§ **INFORMATION PROVIDED**

-*-

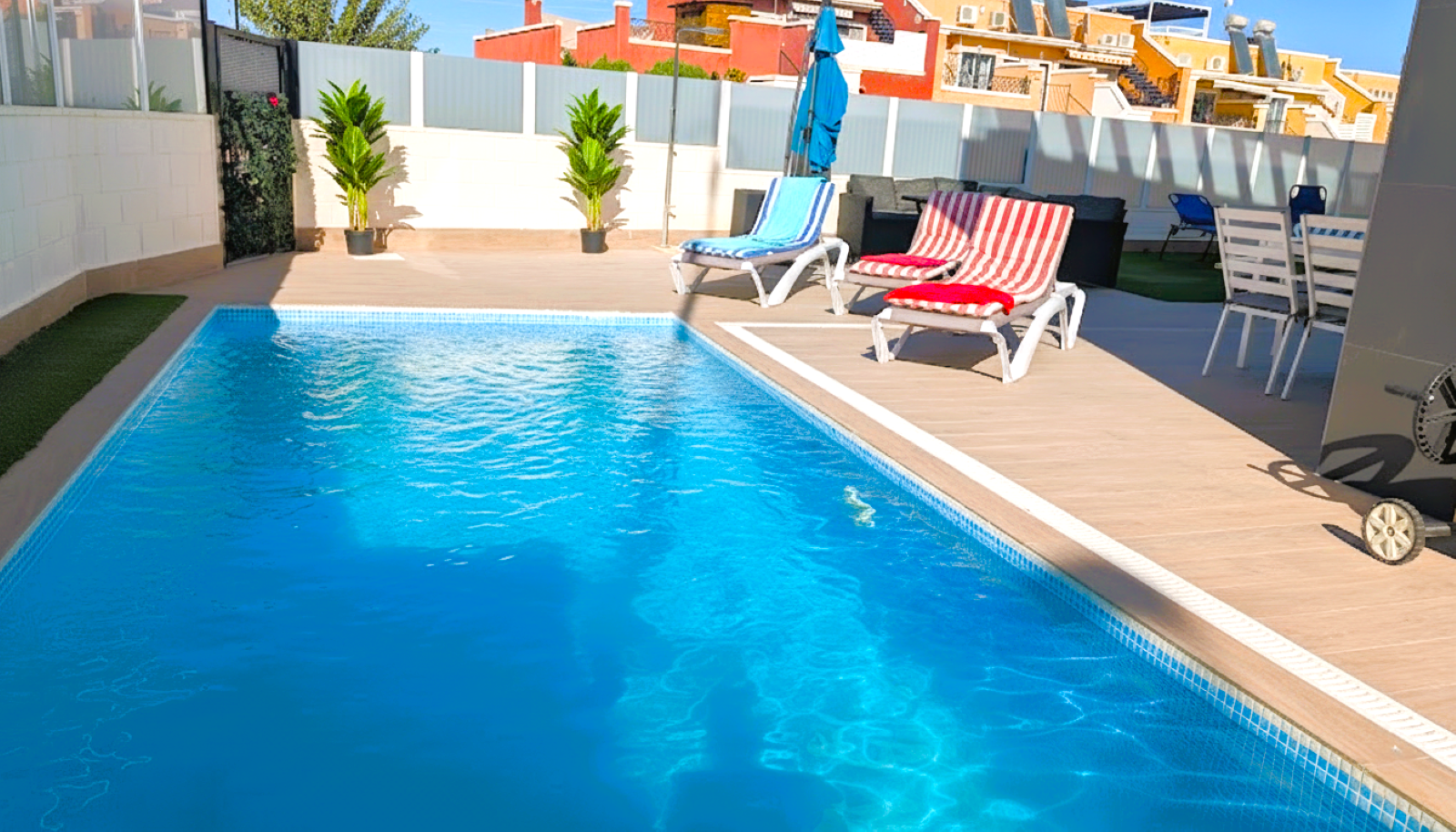 Sold - Sold! 3 Bedroom 4 Bathroom Villa in Villamartin - Pau 26, Villamartin, Alicante, Spain - Alicante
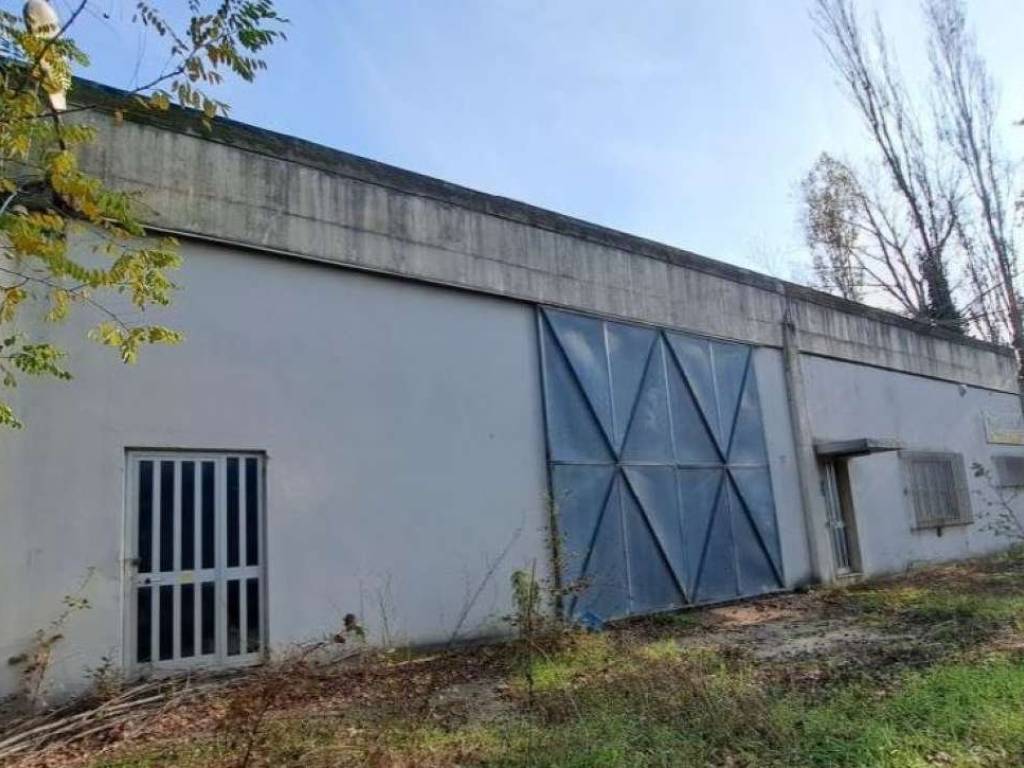 locale commerciale in vendita ad Ovada
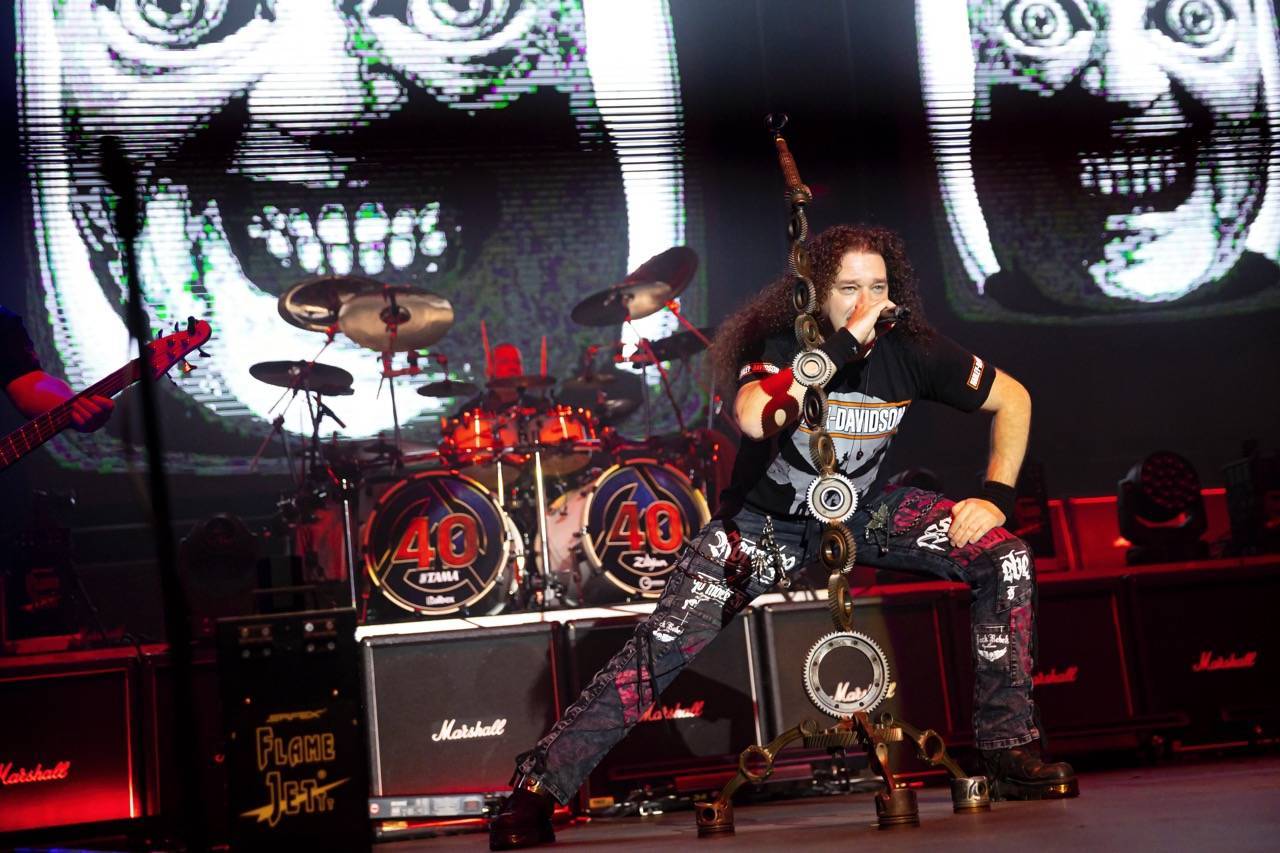 RECENZE: Arakain připomíná živákem z O2 universa velkolepou oslavu ke 40. výročí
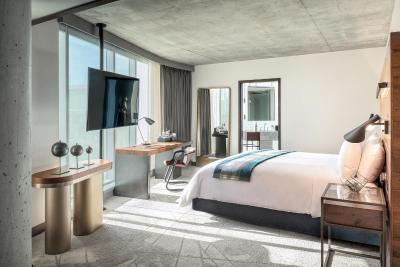 د دوگلاس اوتگراف کالکشن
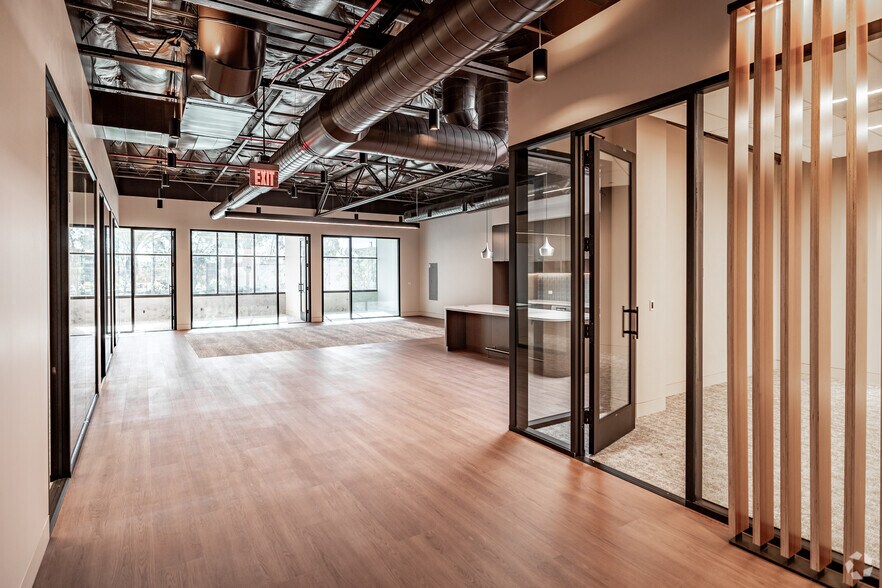 More Photos Of 200 E Baker St, Costa Mesa Loft Creative Space For Sale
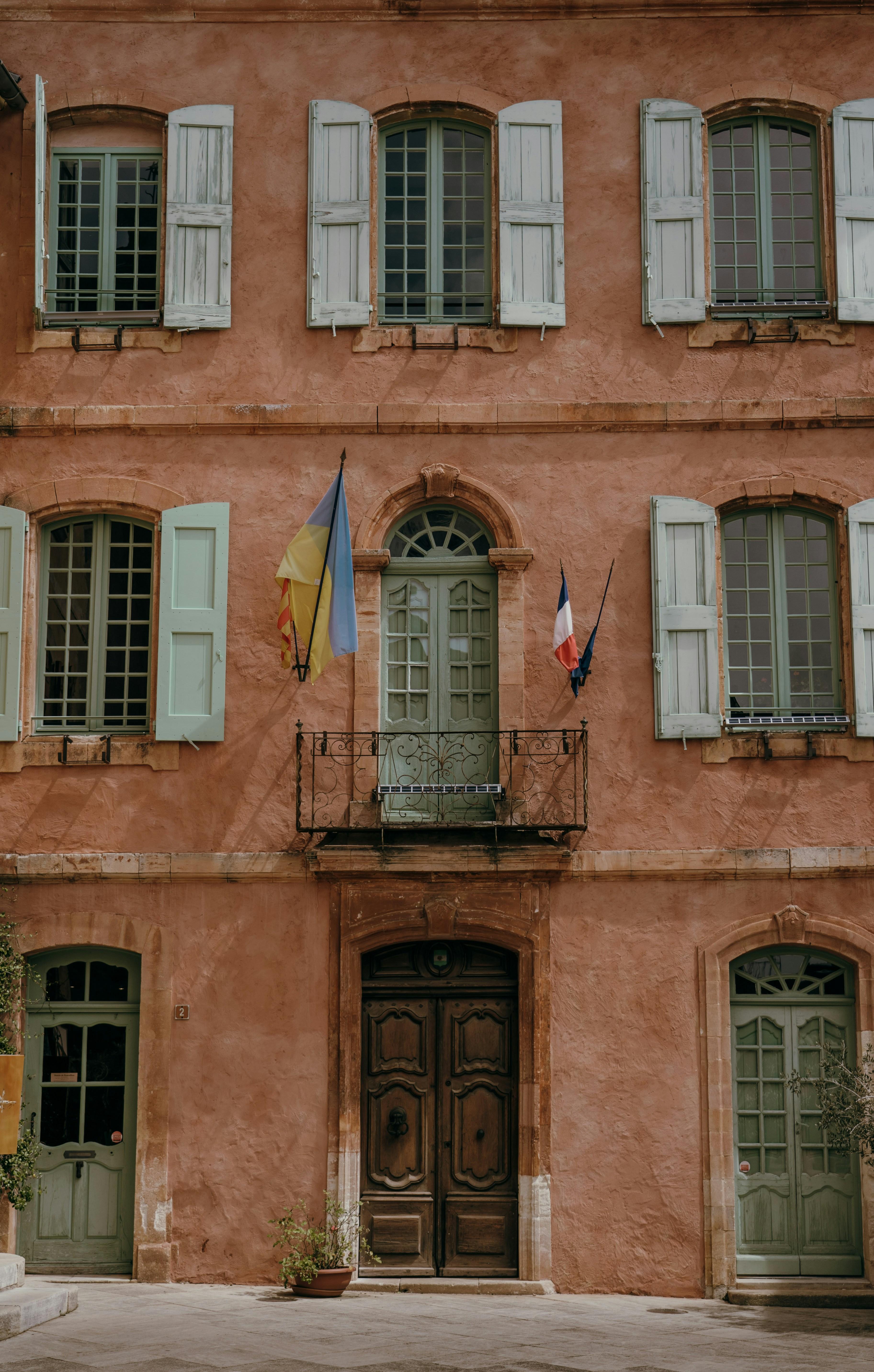 Cinematic Symmetry and Color: The Visual Language of Wes Anderson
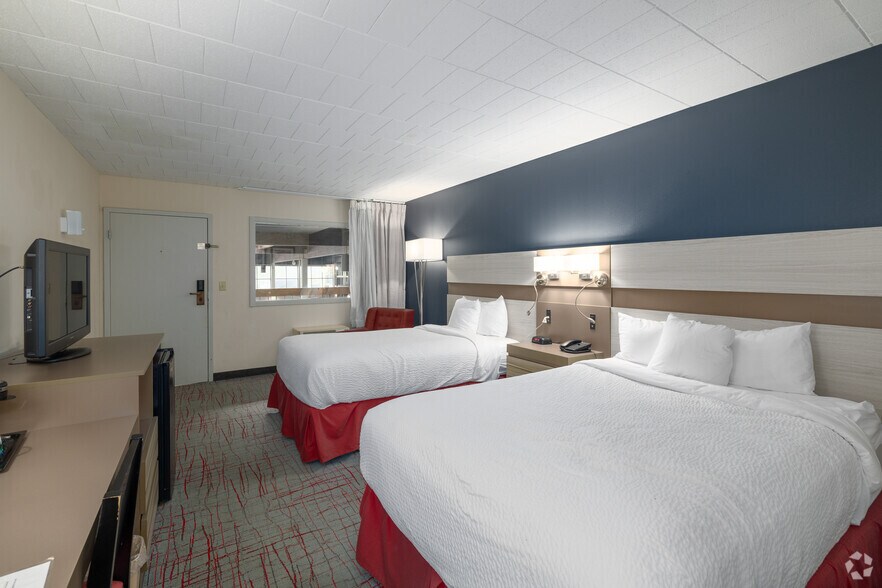 More Photos Of 7195 Eastwood Dr, Beaver Falls Hotel For Sale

-*-

§ **TASK DIRECTIONS**
Extract exactly the lines from the one containing "د دوگلاس اوتگراف کالکشن" through the last line of the records above, both included, and leave out the pictures.

§ **FINISHED TASK**
 د دوگلاس اوتگراف کالکشن
 More Photos Of 200 E Baker St, Costa Mesa Loft Creative Space For Sale
 Cinematic Symmetry and Color: The Visual Language of Wes Anderson
 More Photos Of 7195 Eastwood Dr, Beaver Falls Hotel For Sale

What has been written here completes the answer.